Here’s how to prevent a PR crisis from coming to pass.
1. Build a Brand Image
There is no better time to build a strong brand profile than while a business is in the public’s good books. Whether a firm decides to create an in-house PR department, or engage the services of an agency or independent communications specialist, connecting with expertise is a crucial step in developing a brand’s resistance to PR crises.
PR professionals are an investment in a brand’s future: while the waters are smooth, expert communicators will enhance a brand’s public image while looking for issues before they rise. If, or when, a crisis does strike, the business already has a trusted and familiar team in place to deal with the controversy as it unfolds.

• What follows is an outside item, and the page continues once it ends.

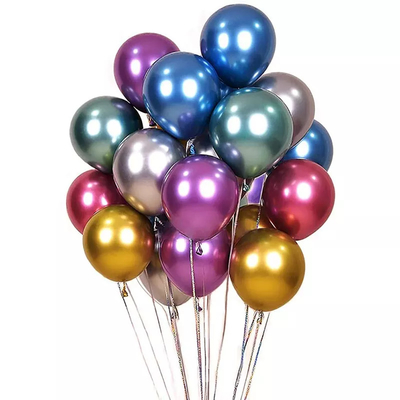 Un bon prix. Ballon métallique de latex de 10/12Inch Chrome d'hélium coloré de rond pour la fête d'anniversaire en ligne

2. Honesty is the Best Publicity
From individuals to organizations, the most common instinct is to withhold sensitive information. While in many cases this line of thinking is entirely logical, honesty must be a priority when it comes to issues of public concern. This extends to what a company discloses to its PR team. Without comprehensive and accurate information, it is impossible for a communications team to develop a proper strategy in advance of a crisis, and in response to one. Businesses must remain open to those from whom they seek expertise, so that they can work to avoid every potential crisis.
3. Listen to the Pros
Companies, whatever the industry, must listen to professional advice. This applies to their engagement with PR professionals. It is always in the decision maker’s best interest to appropriately recognize which matters fall within the realm of their expertise, and when to heed the advice of more experienced persons. Many crises that hit the headlines today could have been avoided had business leaders listened to the advice of their respective communications teams.
4. Act Fast
When even a spark of an issue rears its ugly head, businesses have to act fast to get in front of the message. High-risk incidents must be communicated swiftly to the appropriate teams, and communications professionals must react immediately to develop a well-thought out, and efficient, response. While every case is different, the sooner a business acts, the faster they are able to take control of the narrative. On social media, brands are typically assumed guilty until proven innocent. The only way to tackle a brewing crisis head-on is to get in early, shape the narrative and prove a brand’s worth before it develops into anything larger.